Additionally, there is a cause and effect issue. Do people who have aggressive, asocial, risky behaviors, such as tailing, speeding, ignoring stop signs and red lights, turning without signaling, etc. get into accidents and they also drink because it is a risky behavior or is it the drinking that causes the accidents? While I am in no way approving drinking and driving, I think it is more often a concurrent behavior and not a cause.

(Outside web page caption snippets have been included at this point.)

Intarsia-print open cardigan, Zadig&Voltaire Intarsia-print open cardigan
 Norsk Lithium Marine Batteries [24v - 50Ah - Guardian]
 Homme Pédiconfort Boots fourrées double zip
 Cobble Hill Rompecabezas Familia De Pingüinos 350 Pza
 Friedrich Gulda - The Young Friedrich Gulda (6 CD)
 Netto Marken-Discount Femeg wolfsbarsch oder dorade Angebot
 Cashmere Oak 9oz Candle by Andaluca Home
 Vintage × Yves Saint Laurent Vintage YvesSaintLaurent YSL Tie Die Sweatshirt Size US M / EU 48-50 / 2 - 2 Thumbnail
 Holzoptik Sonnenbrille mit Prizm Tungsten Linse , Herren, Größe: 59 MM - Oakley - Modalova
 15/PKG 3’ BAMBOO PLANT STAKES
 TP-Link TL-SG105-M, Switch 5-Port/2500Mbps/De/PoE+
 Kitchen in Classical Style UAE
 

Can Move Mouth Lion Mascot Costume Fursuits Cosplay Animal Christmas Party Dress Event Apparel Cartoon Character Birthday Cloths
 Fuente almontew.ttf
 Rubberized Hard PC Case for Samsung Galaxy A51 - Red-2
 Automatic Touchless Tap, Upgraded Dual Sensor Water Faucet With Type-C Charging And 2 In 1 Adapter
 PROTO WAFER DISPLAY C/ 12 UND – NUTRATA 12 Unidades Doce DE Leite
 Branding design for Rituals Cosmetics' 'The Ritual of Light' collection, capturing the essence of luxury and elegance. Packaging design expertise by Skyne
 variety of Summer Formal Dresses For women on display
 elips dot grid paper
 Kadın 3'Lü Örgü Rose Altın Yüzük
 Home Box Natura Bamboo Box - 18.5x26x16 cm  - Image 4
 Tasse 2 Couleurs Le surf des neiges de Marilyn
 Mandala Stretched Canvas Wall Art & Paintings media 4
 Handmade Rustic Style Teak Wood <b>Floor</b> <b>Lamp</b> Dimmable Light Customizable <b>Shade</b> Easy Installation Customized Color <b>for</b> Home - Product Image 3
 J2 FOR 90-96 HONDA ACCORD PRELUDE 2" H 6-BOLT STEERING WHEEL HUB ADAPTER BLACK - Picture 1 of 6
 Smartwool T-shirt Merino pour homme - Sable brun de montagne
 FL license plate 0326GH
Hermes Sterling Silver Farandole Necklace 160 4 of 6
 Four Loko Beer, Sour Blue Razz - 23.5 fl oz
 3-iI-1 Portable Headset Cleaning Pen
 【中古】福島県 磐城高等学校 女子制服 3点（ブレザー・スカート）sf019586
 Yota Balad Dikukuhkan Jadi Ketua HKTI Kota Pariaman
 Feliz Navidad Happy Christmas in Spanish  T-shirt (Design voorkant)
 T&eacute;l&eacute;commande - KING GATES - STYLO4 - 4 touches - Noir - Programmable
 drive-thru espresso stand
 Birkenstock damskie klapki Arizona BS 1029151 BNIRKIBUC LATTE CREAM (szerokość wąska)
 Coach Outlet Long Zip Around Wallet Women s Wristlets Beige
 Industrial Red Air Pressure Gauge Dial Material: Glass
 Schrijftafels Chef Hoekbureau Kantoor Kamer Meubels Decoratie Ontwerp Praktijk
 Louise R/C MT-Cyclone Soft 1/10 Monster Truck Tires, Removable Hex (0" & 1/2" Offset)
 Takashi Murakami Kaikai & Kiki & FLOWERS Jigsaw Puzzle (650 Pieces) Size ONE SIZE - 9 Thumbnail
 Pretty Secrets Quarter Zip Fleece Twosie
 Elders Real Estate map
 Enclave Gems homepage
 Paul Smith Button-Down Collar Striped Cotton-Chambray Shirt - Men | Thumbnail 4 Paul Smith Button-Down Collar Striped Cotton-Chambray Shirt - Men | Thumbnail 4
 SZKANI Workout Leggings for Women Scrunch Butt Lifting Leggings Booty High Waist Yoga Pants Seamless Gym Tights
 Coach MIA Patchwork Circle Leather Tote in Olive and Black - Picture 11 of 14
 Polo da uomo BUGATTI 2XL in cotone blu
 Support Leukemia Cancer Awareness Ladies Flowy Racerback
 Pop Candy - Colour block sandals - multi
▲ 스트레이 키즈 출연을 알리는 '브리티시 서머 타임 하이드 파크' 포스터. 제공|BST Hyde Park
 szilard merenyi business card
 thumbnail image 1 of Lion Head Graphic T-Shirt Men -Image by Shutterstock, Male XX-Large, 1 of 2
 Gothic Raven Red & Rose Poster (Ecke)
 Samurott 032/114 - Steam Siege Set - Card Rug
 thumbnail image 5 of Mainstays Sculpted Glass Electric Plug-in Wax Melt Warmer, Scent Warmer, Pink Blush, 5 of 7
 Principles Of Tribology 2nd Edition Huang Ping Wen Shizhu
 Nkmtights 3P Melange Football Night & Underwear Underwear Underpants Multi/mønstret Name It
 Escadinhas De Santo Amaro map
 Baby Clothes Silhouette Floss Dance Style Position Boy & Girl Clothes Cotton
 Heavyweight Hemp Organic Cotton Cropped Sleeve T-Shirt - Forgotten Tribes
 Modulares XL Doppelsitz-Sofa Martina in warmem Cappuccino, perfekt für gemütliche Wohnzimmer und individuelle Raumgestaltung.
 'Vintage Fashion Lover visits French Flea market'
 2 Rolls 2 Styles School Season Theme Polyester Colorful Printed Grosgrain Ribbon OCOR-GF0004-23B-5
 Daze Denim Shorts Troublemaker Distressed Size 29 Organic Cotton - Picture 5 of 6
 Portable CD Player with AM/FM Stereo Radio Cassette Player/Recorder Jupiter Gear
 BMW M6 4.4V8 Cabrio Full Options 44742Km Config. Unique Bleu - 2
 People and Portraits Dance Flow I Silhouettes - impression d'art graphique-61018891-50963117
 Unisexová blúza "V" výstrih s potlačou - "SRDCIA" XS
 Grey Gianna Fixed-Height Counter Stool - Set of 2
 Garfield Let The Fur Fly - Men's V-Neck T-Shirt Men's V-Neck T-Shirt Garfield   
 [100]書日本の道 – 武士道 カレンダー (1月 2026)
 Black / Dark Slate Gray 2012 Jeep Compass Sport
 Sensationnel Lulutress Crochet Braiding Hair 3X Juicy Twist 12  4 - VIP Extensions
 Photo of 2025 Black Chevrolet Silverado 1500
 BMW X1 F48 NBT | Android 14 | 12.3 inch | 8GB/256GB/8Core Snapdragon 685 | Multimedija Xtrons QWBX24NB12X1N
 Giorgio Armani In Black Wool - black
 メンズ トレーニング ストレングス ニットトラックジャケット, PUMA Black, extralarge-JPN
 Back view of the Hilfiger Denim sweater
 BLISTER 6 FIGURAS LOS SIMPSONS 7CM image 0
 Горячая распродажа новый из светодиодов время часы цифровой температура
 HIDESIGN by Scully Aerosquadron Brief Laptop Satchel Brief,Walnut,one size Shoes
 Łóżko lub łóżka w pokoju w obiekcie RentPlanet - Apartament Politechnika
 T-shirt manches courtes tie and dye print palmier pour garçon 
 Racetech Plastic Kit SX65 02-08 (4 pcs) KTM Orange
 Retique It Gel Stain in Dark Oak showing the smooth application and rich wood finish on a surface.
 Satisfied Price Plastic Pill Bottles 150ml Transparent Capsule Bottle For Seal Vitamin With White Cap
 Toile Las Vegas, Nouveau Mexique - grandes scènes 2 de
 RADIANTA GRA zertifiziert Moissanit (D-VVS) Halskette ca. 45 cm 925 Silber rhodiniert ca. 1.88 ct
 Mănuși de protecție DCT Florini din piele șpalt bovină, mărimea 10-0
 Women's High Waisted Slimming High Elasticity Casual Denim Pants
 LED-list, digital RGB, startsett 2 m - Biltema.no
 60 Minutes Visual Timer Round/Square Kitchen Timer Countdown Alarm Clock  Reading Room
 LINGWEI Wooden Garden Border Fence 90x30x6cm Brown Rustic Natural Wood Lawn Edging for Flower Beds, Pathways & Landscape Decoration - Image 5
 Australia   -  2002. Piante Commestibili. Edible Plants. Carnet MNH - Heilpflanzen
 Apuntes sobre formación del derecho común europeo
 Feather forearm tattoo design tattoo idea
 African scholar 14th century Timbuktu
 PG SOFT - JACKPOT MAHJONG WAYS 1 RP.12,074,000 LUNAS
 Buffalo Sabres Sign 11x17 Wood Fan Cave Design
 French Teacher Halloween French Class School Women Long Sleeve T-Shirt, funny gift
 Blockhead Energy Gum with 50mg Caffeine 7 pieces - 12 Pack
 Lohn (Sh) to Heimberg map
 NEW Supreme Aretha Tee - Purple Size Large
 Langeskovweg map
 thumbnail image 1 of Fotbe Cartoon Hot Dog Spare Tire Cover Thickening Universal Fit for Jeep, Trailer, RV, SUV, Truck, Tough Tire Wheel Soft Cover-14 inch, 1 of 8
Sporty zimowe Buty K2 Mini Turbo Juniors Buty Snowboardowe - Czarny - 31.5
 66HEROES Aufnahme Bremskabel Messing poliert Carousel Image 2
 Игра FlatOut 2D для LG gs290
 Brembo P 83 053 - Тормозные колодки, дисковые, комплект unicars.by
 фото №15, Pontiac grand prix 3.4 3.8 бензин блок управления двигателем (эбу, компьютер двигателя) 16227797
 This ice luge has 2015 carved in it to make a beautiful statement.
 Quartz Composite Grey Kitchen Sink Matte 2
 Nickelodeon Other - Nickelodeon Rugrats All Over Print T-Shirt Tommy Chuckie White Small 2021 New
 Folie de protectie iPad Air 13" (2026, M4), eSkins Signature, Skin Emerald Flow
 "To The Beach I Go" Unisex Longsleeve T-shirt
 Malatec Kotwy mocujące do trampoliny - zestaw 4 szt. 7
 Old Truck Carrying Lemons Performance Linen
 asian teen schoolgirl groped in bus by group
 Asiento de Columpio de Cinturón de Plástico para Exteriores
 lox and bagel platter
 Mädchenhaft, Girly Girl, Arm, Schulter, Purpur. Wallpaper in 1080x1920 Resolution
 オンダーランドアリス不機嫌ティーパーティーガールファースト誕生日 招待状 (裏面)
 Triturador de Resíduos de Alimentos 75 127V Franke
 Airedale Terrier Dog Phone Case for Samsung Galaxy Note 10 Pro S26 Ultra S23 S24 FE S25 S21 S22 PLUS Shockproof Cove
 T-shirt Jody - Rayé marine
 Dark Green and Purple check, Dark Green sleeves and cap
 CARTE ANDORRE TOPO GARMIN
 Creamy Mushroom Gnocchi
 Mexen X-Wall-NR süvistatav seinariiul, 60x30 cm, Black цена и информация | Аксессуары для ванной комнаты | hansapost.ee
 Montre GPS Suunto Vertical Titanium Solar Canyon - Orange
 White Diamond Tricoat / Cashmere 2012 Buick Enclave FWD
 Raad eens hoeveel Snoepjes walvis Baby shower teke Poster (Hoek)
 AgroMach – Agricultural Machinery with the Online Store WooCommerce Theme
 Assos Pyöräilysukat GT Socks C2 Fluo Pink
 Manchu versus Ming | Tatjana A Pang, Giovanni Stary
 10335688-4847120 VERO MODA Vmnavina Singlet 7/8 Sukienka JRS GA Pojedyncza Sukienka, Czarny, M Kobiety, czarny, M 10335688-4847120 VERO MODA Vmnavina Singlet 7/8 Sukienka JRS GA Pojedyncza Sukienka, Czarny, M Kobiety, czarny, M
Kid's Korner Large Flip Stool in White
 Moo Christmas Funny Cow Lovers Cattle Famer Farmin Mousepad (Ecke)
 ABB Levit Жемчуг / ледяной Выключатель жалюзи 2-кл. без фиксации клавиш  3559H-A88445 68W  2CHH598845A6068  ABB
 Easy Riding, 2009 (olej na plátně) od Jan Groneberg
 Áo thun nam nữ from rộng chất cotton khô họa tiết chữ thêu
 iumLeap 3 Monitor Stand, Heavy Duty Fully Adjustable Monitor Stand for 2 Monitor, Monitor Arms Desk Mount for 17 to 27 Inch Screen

The law is probably more punitive than preventive. It is also a law that provides more comfort to the general population by the public's perception that the government is doing something than by the law actually achieving any reduction in the aberrant behavior.
Some people regularly take more risks in their daily lives and engage in more anti-social behavior than others and have more negative impacts on themselves and society than the average person. Of course, it would be very nice to avoid or at least minimize the negative societal outcomes.

Often, some risky behaviors are looked at as the causes of the harm, when in fact the risky behaviors are really manifestations of the same underlying psychology that caused the harm and are not the causes. These behaviors occur concurrently and are often seen as causes because they are associated with the harm, but prohibition of these actions will not stop negative effects because they are concurrent manifestations and not causes.

Excessive drinking and risky, accident-prone driving are probably caused by the same psychological characteristics and one probably does not cause the other.